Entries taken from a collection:

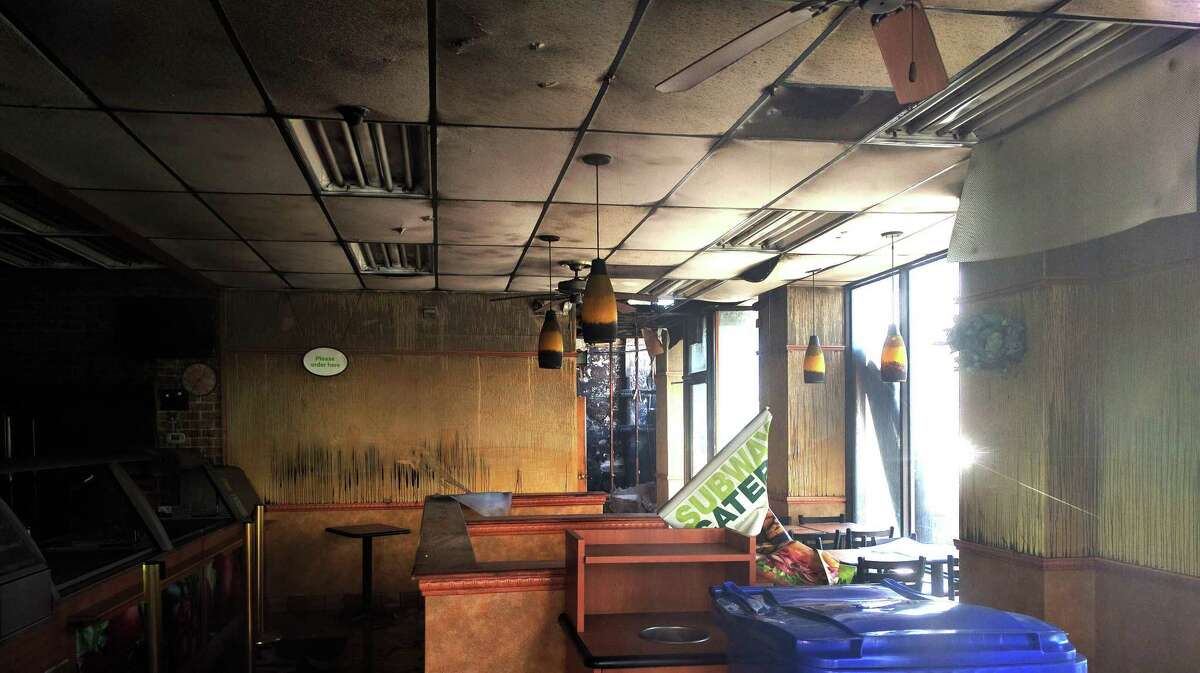 The downtown Subway sandwich shop was damaged by a fire started in the trashbin outside, according to the owner. Bridgeport, Conn., July 31, 2017.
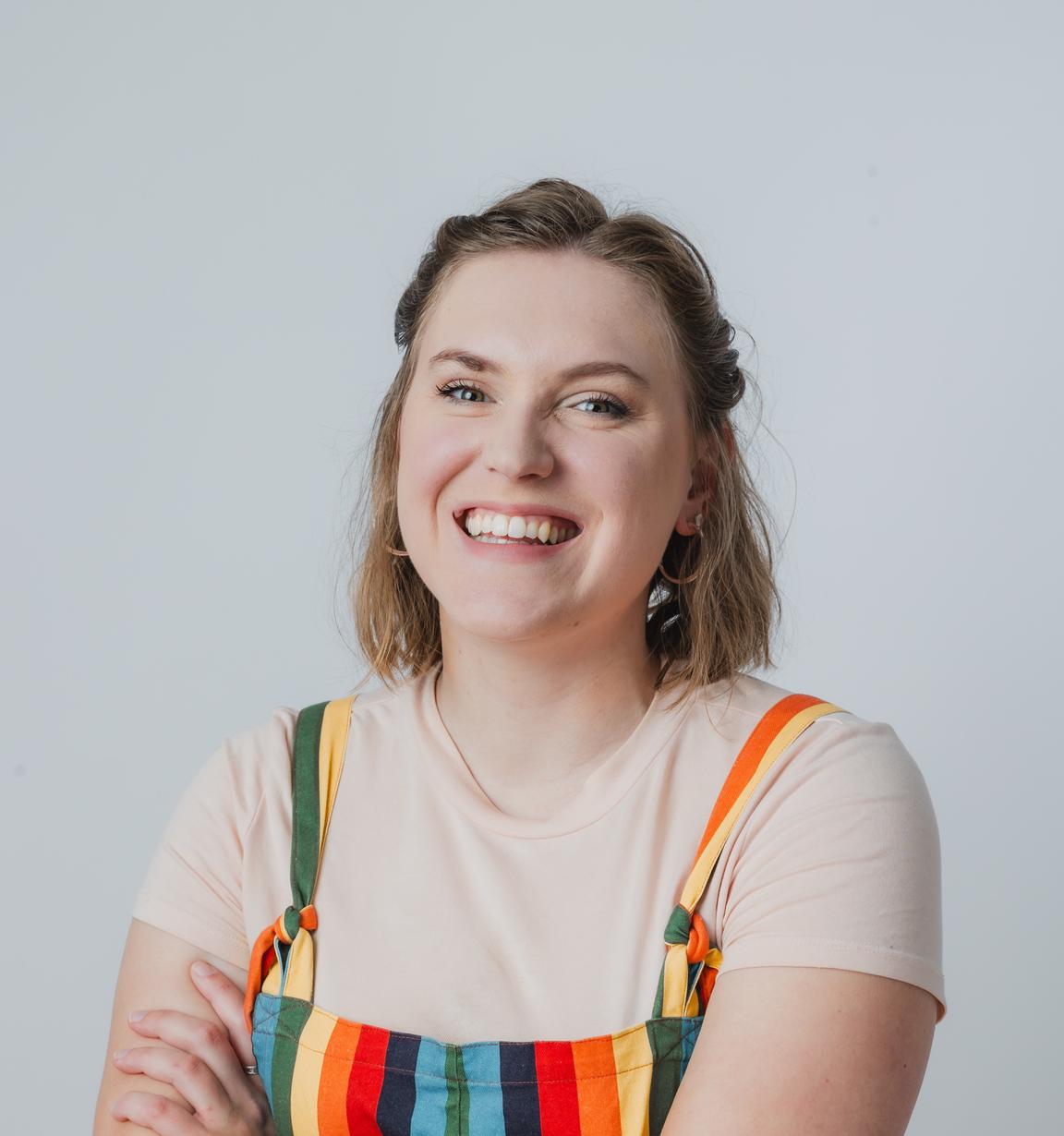 A picture of Sophie Schade. She is standing with her arms crossed. She is wearing a set of rainbow patterned overalls, with a white t-shirt underneath. She appears to have been caught mid-laugh. 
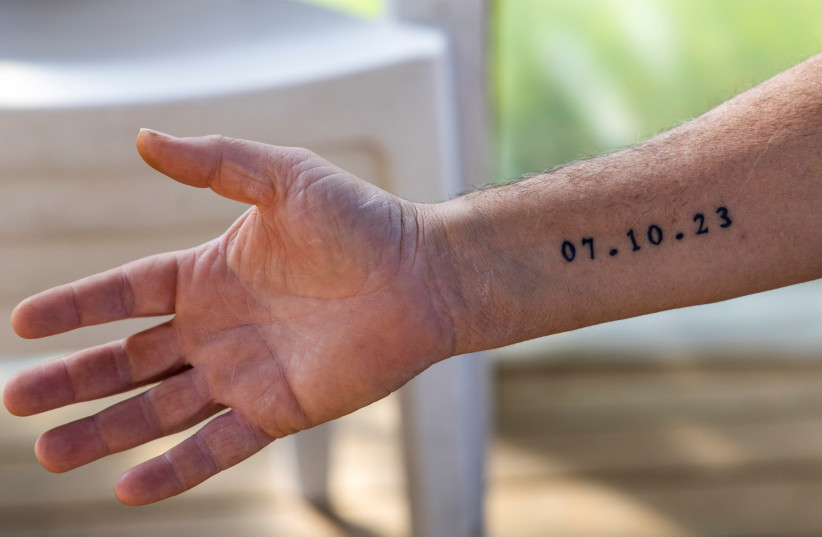  The arm of Shar Shnurman with a tattoo of the date 07.10.2023, January 13, 2024 (credit: REUTERS/AMIR COHEN)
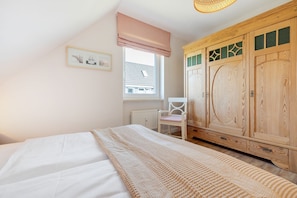 Un dormitorio con cama, armario de madera, ventana con vistas y una silla.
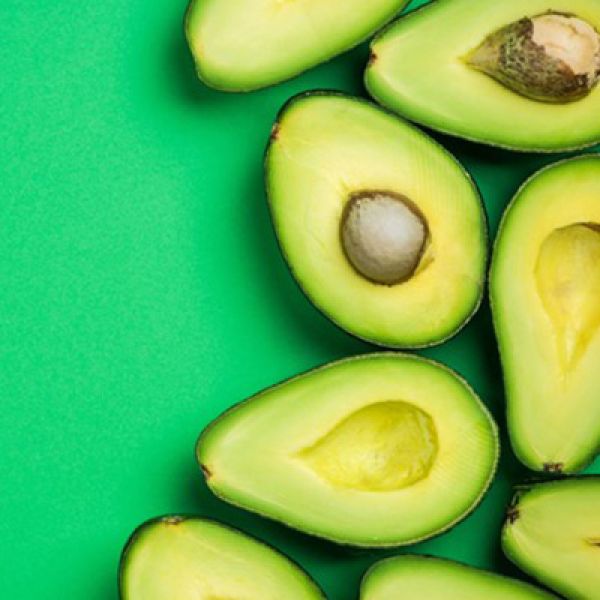A collection of avocados cut in half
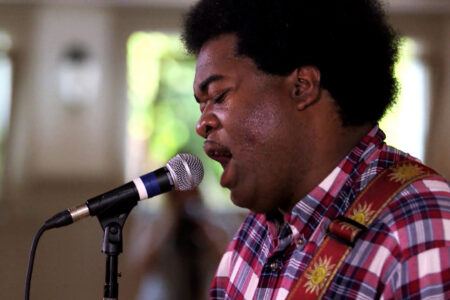 A man with an afro hairstyle sings into a microphone. He is wearing a red checkered shirt with floral designs on the strap of his guitar. The background is blurred, emphasizing his singing expression.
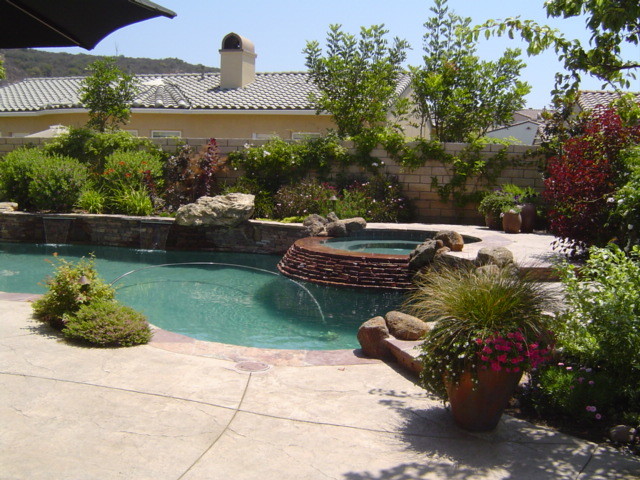 Свежая идея для дизайна: большой естественный бассейн произвольной формы на заднем дворе в средиземноморском стиле с джакузи и покрытием из каменной брусчатки - отличное фото интерьера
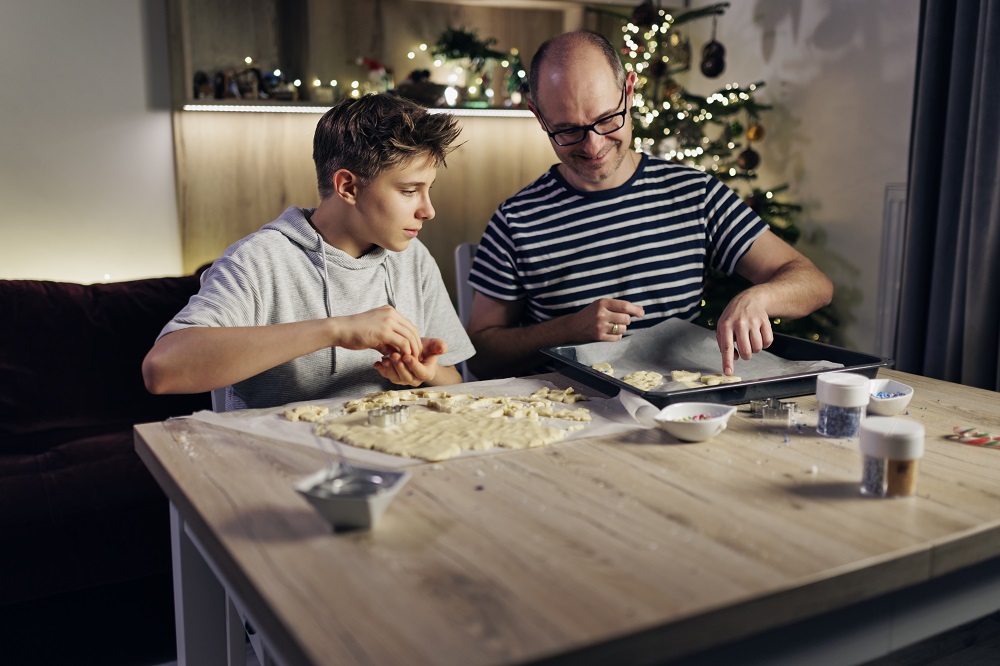 Teen boy baking Christmas cookies with his dad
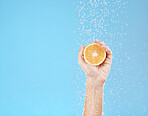 Hand, orange and water with natural skincare for health, wellness and organic fruit on a blue studio background. Beauty, fresh and food for juicy vitamin c skin care treatment for dermatology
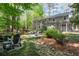 Secluded backyard featuring a creek, lush landscaping, seating, and mature trees at 5515 Cross Gate Ct, Sandy Springs, GA 30327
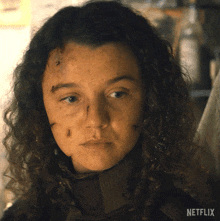 a close up of a woman 's face with a netflix logo on the bottom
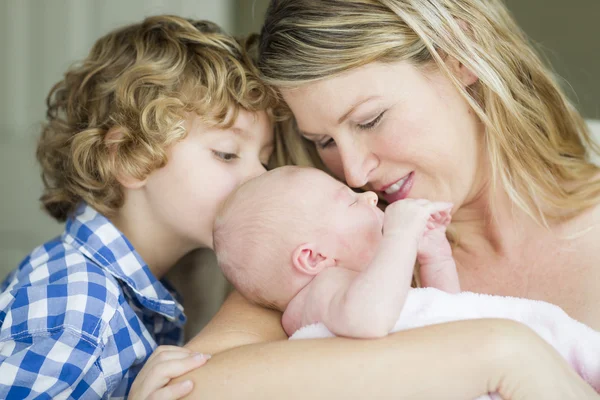 Giovane madre tiene neonato bambina come fratello guarda — Foto Stock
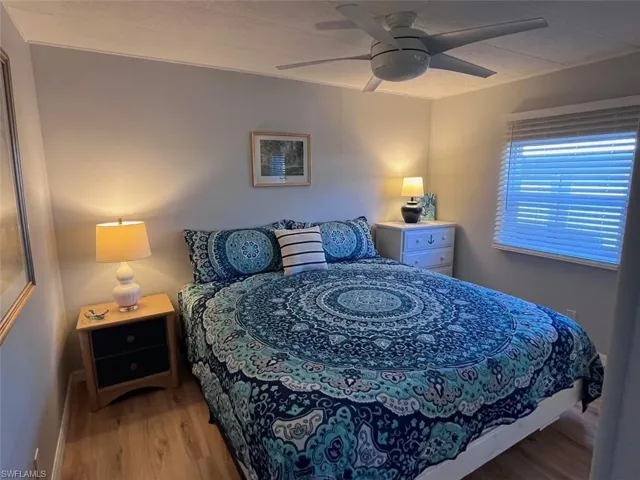 Bedroom with light hardwood / wood-style flooring and ceiling fan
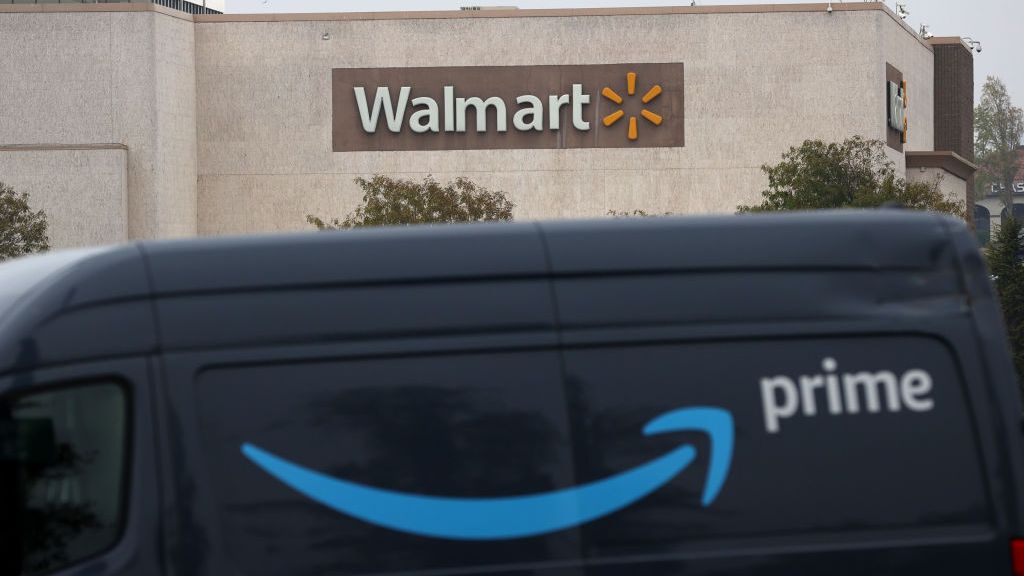 An Amazon Prime van parked in front of a Walmart store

[Activity] Output all of the data exactly as it stands, minus any images.

[Reply]
 The downtown Subway sandwich shop was damaged by a fire started in the trashbin outside, according to the owner. Bridgeport, Conn., July 31, 2017.
 A picture of Sophie Schade. She is standing with her arms crossed. She is wearing a set of rainbow patterned overalls, with a white t-shirt underneath. She appears to have been caught mid-laugh. 
  The arm of Shar Shnurman with a tattoo of the date 07.10.2023, January 13, 2024 (credit: REUTERS/AMIR COHEN)
 Un dormitorio con cama, armario de madera, ventana con vistas y una silla.
A collection of avocados cut in half
 A man with an afro hairstyle sings into a microphone. He is wearing a red checkered shirt with floral designs on the strap of his guitar. The background is blurred, emphasizing his singing expression.
 Свежая идея для дизайна: большой естественный бассейн произвольной формы на заднем дворе в средиземноморском стиле с джакузи и покрытием из каменной брусчатки - отличное фото интерьера
 Teen boy baking Christmas cookies with his dad
 Hand, orange and water with natural skincare for health, wellness and organic fruit on a blue studio background. Beauty, fresh and food for juicy vitamin c skin care treatment for dermatology
 Secluded backyard featuring a creek, lush landscaping, seating, and mature trees at 5515 Cross Gate Ct, Sandy Springs, GA 30327
 a close up of a woman 's face with a netflix logo on the bottom
 Giovane madre tiene neonato bambina come fratello guarda — Foto Stock
 Bedroom with light hardwood / wood-style flooring and ceiling fan
 An Amazon Prime van parked in front of a Walmart store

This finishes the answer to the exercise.